Analysis of Brand Language Used in Social Media
Abstract
Recently the use of social media has led to a significant improvement in branding techniques. Social media branding is about consistently engaging with customers to enhance brand awareness. Brand language is the body of phrases, words and letters used by businesses to describe themselves and their products. Tone of Voice (ToV) is a fundamental component of brand language that can be used in social media to influence customers’ responses toward a brand and develop a memorable image of it. However, analysing social media, such as Twitter, and converting its contents into valuable knowledge requires the use of Natural Language Processing (NLP) techniques to obtain an overview of all the tweets around a brand.
This dissertation explores the concept of detecting the ToV of brands’ tweets by using different binary text classification models: Naïve Bayes (NB) and Support Vector Machine (SVM) as machine learning models, and Convolutional Neural Networks (CNN) and Long Short-Term Memory (LSTM) as deep learning models. Based on the presence type of brands’ tweets, three datasets were collected to train each model and another three were extracted from Twitter to test these models.

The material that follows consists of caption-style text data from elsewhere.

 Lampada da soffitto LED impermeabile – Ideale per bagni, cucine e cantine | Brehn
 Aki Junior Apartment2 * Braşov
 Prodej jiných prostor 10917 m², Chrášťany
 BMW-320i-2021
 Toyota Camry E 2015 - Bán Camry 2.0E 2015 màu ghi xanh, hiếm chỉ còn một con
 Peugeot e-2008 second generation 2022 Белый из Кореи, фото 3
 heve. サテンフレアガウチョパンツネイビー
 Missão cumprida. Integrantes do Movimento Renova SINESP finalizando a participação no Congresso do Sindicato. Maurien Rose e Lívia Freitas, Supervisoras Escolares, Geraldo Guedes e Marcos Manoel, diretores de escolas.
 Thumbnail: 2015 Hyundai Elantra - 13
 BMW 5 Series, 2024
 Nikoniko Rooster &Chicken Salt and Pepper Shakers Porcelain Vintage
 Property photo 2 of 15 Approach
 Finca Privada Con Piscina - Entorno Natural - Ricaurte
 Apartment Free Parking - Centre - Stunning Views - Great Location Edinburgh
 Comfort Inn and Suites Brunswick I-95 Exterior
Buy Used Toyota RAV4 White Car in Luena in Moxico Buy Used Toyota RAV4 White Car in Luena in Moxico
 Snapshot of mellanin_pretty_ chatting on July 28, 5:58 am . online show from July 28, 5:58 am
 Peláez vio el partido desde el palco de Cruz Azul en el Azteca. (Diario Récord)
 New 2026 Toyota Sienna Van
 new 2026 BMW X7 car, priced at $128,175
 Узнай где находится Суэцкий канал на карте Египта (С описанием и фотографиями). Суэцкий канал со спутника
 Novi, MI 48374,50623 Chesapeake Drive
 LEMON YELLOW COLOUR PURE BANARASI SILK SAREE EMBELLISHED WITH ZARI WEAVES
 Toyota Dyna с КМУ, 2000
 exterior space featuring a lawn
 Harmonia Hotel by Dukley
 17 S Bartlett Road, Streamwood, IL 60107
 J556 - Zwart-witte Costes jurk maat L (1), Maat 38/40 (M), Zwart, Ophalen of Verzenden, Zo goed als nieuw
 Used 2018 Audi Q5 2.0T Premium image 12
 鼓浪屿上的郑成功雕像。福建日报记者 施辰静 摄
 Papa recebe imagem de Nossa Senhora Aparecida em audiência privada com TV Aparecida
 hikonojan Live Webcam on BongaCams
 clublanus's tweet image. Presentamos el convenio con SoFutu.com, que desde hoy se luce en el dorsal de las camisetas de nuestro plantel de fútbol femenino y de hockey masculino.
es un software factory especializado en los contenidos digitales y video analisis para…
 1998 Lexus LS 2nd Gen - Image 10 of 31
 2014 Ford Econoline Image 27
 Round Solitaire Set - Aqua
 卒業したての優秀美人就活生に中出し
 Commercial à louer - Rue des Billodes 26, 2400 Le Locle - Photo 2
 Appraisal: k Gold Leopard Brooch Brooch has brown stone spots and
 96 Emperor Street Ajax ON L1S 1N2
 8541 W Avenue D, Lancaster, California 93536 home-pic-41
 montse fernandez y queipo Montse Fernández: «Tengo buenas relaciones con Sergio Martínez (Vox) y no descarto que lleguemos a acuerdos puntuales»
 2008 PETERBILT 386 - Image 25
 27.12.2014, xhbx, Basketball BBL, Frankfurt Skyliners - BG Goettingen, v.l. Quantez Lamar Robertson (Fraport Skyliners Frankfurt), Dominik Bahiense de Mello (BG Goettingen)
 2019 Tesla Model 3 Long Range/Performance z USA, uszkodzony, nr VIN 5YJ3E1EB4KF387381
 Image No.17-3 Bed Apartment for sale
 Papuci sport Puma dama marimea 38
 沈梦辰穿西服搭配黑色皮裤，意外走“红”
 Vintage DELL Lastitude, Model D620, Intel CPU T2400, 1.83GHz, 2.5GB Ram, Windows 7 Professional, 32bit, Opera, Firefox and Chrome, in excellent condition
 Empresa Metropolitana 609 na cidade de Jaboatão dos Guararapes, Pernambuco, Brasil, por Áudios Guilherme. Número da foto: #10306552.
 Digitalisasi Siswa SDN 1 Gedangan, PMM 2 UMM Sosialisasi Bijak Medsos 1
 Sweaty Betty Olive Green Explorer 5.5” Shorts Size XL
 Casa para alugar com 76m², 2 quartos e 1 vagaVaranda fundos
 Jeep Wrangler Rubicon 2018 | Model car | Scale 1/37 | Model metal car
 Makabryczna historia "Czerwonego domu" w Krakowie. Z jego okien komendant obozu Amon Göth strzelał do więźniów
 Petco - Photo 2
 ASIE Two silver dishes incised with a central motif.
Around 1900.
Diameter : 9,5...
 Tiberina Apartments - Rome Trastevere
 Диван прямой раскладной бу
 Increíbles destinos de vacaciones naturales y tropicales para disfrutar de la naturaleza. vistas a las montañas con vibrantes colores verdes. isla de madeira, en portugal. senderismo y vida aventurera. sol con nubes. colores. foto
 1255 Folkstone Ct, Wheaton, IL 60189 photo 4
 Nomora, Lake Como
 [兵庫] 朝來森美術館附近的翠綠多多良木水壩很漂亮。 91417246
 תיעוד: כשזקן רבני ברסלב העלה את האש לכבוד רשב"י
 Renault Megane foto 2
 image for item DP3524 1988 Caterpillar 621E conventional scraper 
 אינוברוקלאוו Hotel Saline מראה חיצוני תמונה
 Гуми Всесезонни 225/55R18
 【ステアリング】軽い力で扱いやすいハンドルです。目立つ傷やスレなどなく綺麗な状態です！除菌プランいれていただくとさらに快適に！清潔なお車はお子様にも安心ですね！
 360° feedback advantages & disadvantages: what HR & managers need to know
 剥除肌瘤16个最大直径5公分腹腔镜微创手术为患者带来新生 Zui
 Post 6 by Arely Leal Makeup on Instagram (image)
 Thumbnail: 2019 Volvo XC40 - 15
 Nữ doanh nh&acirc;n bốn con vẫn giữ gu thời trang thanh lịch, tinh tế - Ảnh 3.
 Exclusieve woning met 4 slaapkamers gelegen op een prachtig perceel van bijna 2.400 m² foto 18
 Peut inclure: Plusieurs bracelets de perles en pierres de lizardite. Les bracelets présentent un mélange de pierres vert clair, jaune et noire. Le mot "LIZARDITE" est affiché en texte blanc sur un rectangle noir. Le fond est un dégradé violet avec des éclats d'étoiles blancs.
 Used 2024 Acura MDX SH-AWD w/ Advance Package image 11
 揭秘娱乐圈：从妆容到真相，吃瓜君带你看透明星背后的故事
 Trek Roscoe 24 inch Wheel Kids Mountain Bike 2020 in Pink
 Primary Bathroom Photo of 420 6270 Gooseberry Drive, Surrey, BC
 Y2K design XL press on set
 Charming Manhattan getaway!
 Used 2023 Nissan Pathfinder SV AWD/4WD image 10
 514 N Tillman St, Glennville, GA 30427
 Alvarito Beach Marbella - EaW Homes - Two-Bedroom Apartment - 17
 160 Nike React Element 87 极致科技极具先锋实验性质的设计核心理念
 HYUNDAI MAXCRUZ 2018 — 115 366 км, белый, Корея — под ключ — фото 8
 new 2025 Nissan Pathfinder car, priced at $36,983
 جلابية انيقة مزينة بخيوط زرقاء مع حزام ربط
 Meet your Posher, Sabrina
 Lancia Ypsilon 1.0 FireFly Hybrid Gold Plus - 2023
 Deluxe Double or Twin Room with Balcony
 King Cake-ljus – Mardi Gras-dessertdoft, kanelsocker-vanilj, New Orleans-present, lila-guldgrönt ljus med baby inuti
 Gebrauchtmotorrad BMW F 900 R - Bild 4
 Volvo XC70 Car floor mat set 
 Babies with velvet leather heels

Each dataset was prepared, cleaned and pre-processed to transform the texts into a learnable form for text classification models. For feature extraction, different n-grams were applied for NB and SVM models, while word embeddings with random weights and pre-trained GloVe were applied for CNN and LSTM models.
The results of the experiments clarify that the GloVe-LSTM model outperformed other models in accuracy of 66.71% for the Informality dataset and in all measures for the Memotion dataset. However, for the Informality dataset, the 1-3gram-NB model exceeded the GloVe-LSTM model with macro-averaging F1 of 58.75% and weighted-averaging F1 of 62.85%. For the Humour dataset, the 1-2gram-NB model outperformed other models in all measures on the testing dataset.